Jerry Peery said other parents in the small, rural town of Craigmont called police after hearing what happened from their children after classes let out Monday. She says school staff should have contacted authorities immediately.
Peery says 36-year-old Byron Scott Edwards assaulted her 10-year-old grandson in an incident in a classroom at Highland School, a small, 180-student school for kindergarten through 12th-graders on Idaho’s Camas Prairie.
“The police were called only after the kids came home and started telling us parents what went wrong,” she said. “I would at least like an apology.”
On Thursday, after several days of investigation, a Lewis County Magistrate Judge issued an arrest warrant for Edwards. Investigators want to question Edwards about his role in the episode. The warrant accuses him of three counts of injury to a child.
Edwards is now in jail in neighboring Nez Perce County, where he has been held since being arrested Tuesday on felony theft and methamphetamine charges from Umatilla, Ore., according to jail officials. Lewis County authorities contacted Nez Perce County Sheriff’s office, asking that Edwards be detained on the Oregon warrants while they continued their investigation into what happened at the school.
Edwards was not available for comment Thursday.
It was not clear whether he had an attorney.
But his wife, Shana Edwards, said she’s heard a different version of the story through her son, who was also in the classroom: Her husband had been given permission by school officials to assist students and was “roughhousing” with kids before he sought to discipline Peery’s grandson after he had said something inappropriate.

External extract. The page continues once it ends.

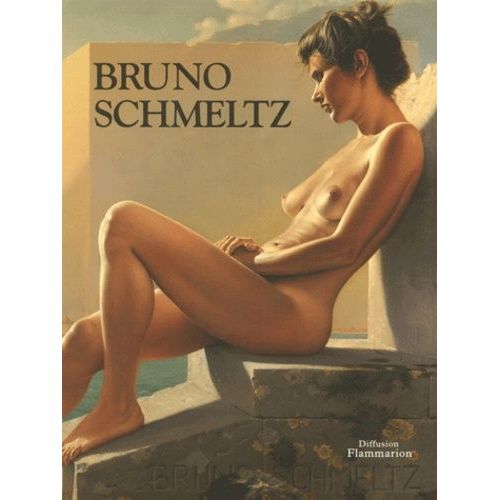 Bruno Schmeltz - Peintures    Format Broch 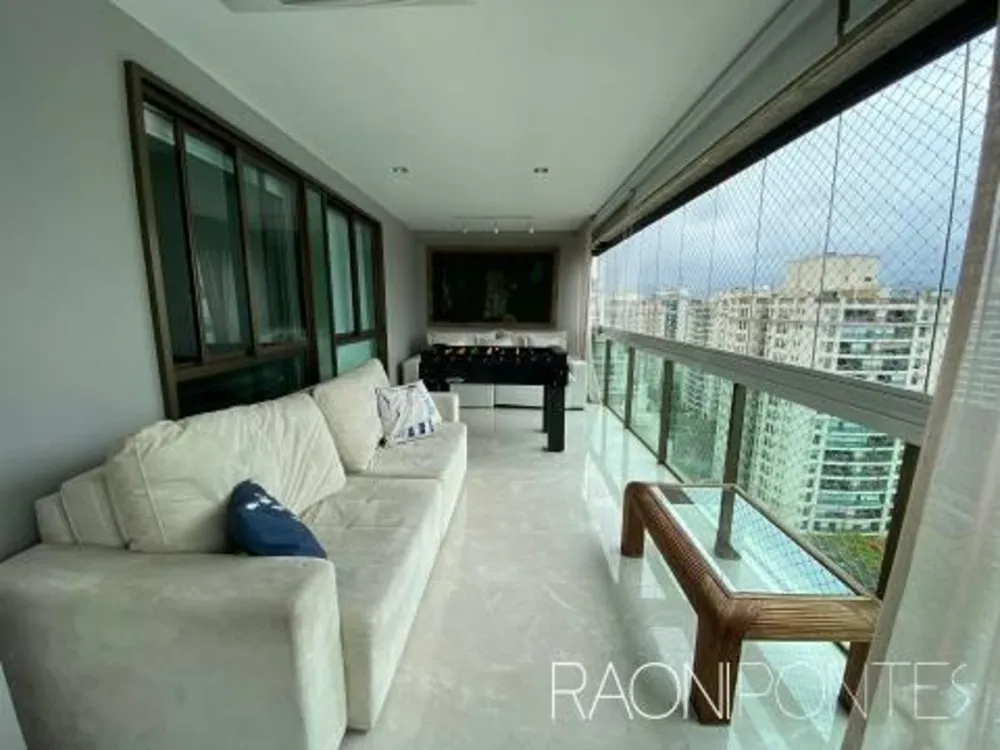 Cobertura, 5 quartos, 286 m² - Foto 4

Shana Edwards hasn’t spoken with her husband yet in jail in Lewiston, but said she doesn’t believe he physically disciplined the other boy.
“I doubt that he would slap a child,” she said. “People that know us, know that my husband would not do that.”
Edwards has a history of felony convictions in Oregon, including for burglary, robbery and unauthorized use of vehicles.
Authorities in Lewis County are investigating Monday’s incident, Lewis County Prosecutor Zachary Pall said. He declined to comment on specifics of the case.
Peery says this is how her grandson described the incident: Edwards entered the class Monday morning and became upset over something her grandson said to his son.
“He got very upset with the kids” and kicked some of her grandson’s friends, she said. “He tripped my granddaughter, as she was going down the aisle. He put my grandson in a chokehold,” Peery said.
“One of the students said his feet were off the floor, and another student told her mom, which got back to us, that his face turned purple,” she said.
The teacher at the time, a substitute, did nothing, Peery said.
After about a half hour, a student went to the office and reported what was happening, she said.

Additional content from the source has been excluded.